Every once in a while I get an email from someone that it thinking of moving here, and discovers my blog (thanks much). Their question often is: what's winter like in Cascade Shores???? Wellll, what winter? Winter 2012/2013, Mild. On a scale of 1-5, 1 being no snow, 5 being buried in snow for weeks, it was a 2. Winter of 2011/2012, as I recall, also a 2. Winter of 2010 I think was the 5, right up into March when we had 4feet on the ground, and the power was out for 12 days. In my memory, that was one of 3 bad winters I've experienced since I arrived here in 1999, so 13 winters.
That 3/13, not a bad batting average (well, a bad batting average, but a good average if you don't LOVE the snow).
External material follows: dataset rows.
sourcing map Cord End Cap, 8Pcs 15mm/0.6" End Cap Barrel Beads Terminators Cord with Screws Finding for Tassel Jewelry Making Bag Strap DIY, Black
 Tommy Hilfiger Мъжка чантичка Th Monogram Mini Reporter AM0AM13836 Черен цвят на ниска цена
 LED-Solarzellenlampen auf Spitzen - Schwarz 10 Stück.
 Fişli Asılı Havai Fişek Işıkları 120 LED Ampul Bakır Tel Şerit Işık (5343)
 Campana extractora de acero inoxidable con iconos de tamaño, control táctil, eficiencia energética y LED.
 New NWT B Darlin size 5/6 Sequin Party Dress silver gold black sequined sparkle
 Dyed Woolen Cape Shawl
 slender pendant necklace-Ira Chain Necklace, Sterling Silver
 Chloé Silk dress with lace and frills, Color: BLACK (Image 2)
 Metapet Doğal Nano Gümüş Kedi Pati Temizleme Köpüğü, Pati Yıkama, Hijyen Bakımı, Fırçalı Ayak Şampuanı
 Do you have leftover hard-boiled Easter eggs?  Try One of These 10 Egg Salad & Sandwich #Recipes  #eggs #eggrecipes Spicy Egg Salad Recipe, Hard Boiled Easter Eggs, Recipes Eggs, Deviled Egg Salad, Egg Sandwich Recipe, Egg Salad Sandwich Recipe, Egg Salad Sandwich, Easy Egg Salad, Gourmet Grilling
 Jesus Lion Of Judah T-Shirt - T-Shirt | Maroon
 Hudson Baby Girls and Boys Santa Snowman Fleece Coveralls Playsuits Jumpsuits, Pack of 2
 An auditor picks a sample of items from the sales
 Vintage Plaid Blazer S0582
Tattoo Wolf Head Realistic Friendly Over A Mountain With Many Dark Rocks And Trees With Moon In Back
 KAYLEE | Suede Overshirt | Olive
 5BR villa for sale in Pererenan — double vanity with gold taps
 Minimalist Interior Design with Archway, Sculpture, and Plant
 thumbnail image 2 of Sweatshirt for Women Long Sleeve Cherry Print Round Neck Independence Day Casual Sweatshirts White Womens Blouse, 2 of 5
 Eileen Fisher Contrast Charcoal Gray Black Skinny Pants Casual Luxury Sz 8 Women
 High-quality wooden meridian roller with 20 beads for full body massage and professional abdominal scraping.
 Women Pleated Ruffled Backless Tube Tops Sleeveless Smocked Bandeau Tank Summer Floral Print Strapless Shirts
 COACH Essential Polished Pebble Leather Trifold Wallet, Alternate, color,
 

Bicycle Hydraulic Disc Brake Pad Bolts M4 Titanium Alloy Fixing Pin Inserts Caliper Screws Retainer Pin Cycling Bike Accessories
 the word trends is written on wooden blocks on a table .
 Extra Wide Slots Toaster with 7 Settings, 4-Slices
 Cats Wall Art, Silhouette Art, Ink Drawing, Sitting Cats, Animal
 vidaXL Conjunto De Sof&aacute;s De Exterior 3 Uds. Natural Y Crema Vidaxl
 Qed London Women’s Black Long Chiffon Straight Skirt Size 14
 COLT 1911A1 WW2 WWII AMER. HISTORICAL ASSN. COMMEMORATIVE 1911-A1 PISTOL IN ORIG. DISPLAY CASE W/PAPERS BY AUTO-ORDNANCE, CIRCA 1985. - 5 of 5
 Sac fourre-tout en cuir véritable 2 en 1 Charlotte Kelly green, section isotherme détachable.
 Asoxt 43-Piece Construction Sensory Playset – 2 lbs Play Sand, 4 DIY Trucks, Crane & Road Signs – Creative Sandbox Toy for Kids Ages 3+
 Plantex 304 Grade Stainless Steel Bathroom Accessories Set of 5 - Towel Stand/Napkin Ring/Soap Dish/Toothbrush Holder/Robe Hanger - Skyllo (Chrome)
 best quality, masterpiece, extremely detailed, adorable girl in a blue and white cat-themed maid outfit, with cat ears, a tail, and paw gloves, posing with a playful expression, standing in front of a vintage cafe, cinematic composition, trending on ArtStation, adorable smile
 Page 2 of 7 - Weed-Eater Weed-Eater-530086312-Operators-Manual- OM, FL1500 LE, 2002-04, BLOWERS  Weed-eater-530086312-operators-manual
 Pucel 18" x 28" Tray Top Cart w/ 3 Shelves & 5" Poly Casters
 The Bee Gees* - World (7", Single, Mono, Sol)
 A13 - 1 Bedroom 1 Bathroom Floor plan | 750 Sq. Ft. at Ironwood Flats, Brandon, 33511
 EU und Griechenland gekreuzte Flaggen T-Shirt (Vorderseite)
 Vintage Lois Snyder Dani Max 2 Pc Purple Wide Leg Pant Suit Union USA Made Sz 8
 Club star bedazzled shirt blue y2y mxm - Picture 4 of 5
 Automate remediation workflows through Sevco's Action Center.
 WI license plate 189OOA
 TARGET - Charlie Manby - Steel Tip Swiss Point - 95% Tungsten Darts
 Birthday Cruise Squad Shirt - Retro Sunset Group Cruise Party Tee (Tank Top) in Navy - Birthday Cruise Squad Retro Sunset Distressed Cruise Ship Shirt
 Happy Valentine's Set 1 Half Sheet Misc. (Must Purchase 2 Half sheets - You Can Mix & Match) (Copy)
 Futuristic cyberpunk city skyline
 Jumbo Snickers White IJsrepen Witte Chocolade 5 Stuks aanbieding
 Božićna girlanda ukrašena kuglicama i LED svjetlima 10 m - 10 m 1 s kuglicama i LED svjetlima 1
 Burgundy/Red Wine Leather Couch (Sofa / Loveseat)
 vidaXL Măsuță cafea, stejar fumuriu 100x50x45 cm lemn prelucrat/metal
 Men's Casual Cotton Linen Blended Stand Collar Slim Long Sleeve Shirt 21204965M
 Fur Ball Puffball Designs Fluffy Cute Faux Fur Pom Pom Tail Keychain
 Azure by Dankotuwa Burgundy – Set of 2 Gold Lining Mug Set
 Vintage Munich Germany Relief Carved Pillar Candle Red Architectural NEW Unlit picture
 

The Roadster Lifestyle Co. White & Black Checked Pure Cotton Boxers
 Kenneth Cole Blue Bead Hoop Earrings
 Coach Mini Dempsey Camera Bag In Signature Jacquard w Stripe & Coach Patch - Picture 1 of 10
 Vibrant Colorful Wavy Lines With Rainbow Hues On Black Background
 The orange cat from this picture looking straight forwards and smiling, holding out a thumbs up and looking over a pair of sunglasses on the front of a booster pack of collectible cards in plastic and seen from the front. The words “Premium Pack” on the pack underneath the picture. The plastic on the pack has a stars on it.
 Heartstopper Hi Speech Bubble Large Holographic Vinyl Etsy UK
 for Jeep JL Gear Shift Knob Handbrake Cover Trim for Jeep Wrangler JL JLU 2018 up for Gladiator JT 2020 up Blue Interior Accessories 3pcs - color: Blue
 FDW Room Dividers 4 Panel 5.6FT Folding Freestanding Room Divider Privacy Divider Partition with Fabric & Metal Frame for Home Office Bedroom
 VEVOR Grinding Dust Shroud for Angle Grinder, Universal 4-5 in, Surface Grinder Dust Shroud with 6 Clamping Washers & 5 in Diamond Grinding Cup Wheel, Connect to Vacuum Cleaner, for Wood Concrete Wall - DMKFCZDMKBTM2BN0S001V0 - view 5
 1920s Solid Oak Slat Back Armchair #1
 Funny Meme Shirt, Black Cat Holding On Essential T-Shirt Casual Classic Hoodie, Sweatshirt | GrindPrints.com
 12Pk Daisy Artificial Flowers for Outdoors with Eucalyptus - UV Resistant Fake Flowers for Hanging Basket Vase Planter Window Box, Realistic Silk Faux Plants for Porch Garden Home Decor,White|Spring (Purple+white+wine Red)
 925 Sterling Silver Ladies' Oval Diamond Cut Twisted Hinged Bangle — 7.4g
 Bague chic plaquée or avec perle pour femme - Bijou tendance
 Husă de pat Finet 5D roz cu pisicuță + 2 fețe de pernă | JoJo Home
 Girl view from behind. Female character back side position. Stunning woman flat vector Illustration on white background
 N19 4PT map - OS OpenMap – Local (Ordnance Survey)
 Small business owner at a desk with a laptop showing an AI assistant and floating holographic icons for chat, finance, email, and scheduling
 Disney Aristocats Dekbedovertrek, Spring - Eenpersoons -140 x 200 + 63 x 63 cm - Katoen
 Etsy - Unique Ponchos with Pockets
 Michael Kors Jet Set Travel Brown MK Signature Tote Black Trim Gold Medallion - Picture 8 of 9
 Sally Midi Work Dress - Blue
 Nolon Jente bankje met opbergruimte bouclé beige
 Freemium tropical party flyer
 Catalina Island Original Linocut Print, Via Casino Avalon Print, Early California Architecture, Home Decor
It is significantly different in this canyon than in town. Nevada City proper sits at 2500 ft. elevation. As you travel up Red Dog and Banner Quaker Hill, the high point is 4100. Then you come down into the shores to 3400 at my corner (Banner Quaker and Pasquale). Of course there are some high points within the shores, like on Summit Ridge, which I am going to guess is back around 4000.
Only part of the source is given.